Task item = Write out each entry word for word.

Available records =
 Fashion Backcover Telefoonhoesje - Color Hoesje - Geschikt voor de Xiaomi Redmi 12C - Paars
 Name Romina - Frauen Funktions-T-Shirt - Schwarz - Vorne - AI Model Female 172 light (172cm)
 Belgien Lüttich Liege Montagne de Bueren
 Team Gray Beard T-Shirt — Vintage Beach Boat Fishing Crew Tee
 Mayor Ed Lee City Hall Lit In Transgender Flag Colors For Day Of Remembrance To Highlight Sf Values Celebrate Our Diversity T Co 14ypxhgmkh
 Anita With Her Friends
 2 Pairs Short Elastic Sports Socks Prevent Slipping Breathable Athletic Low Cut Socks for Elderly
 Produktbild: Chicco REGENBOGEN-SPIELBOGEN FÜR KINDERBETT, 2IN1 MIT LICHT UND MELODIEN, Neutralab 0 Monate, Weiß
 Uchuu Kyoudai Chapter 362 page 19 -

Answer space =
 Fashion Backcover Telefoonhoesje - Color Hoesje - Geschikt voor de Xiaomi Redmi 12C - Paars
 Name Romina - Frauen Funktions-T-Shirt - Schwarz - Vorne - AI Model Female 172 light (172cm)
 Belgien Lüttich Liege Montagne de Bueren
 Team Gray Beard T-Shirt — Vintage Beach Boat Fishing Crew Tee
 Mayor Ed Lee City Hall Lit In Transgender Flag Colors For Day Of Remembrance To Highlight Sf Values Celebrate Our Diversity T Co 14ypxhgmkh
 Anita With Her Friends
 2 Pairs Short Elastic Sports Socks Prevent Slipping Breathable Athletic Low Cut Socks for Elderly
 Produktbild: Chicco REGENBOGEN-SPIELBOGEN FÜR KINDERBETT, 2IN1 MIT LICHT UND MELODIEN, Neutralab 0 Monate, Weiß
 Uchuu Kyoudai Chapter 362 page 19 -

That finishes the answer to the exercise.